Ce spectacle est destiné à être joué chez l'habitant. C'est aussi ce qu'on appelle le théâtre d'appartement. Certains le définissent comme un théâtre de résistance artistique, politique, économique, à un époque où les petites compagnies de territoire ont bien du mal à s'en sortir, à continuer d'exister et à promouvoir leurs actions et leurs créations. Une autre façon de jouer, dans une proximité directe et presque intime avec un public restreint, facilitant ainsi des échanges toujours constructifs.

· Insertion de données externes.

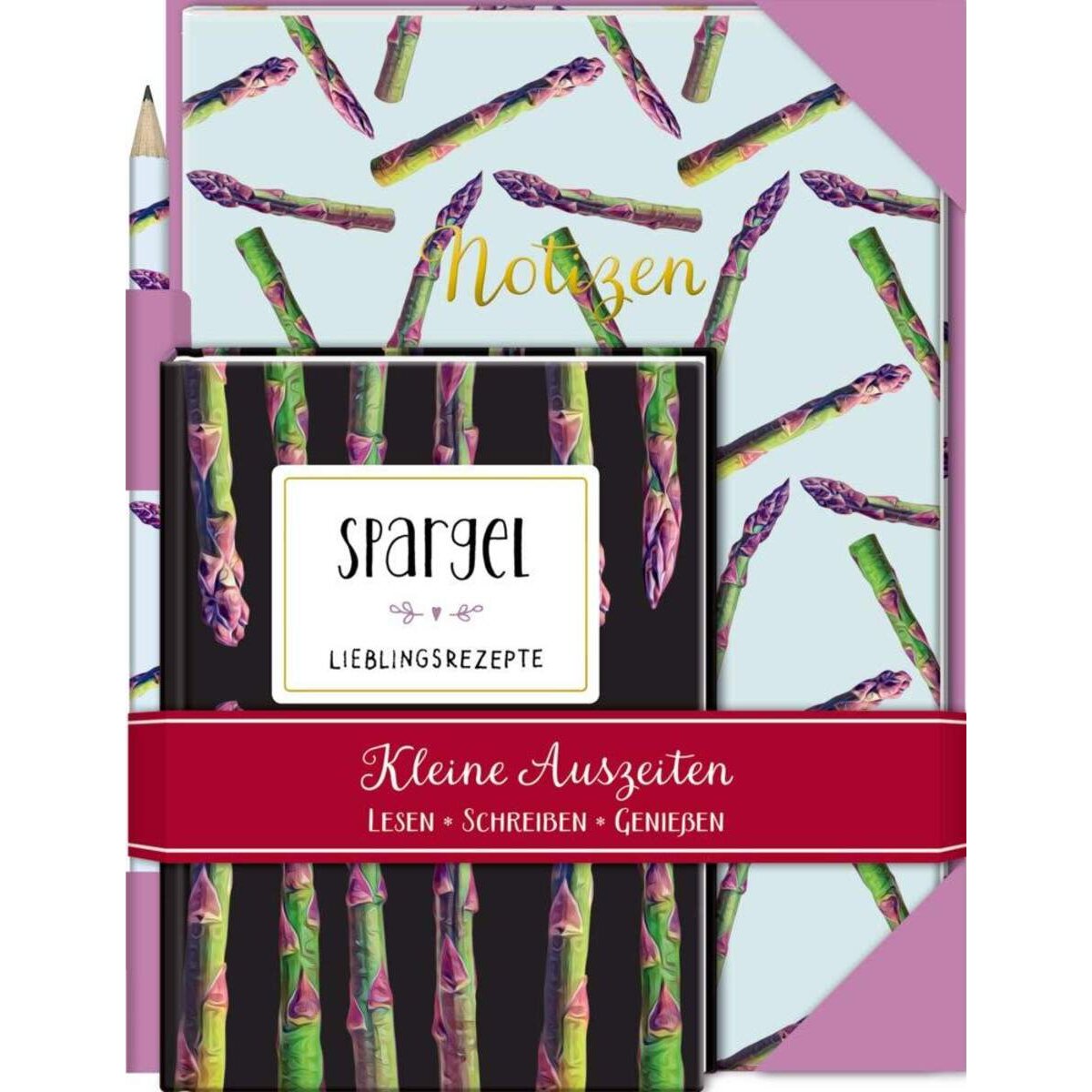 Hölker Kleine Auszeiten: Spargel: Buch mit Notizheft und Bleistift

Alors si vous avez un salon, une cour, un jardin, quelques chaises et une furieuse envie de ne rien faire, si ce n'est de déguster des jolis textes, cette flânerie littéraire est faite pour vous. Même si au bout de quinze minutes, vous allez entendre : "Et là, on arrête le spectacle? On vous a déjà beaucoup donné!".
Du coup, moi aussi, j'ai décidé de ne pas en dire plus. Car moi-aussi ce soir, j'ai décidé de ne rien faire. Et surtout de laisser parler et d'écouter les artistes.
Car "Les artistes sont des gens indispensables" disent-ils. Et ils ont raison.
G.V.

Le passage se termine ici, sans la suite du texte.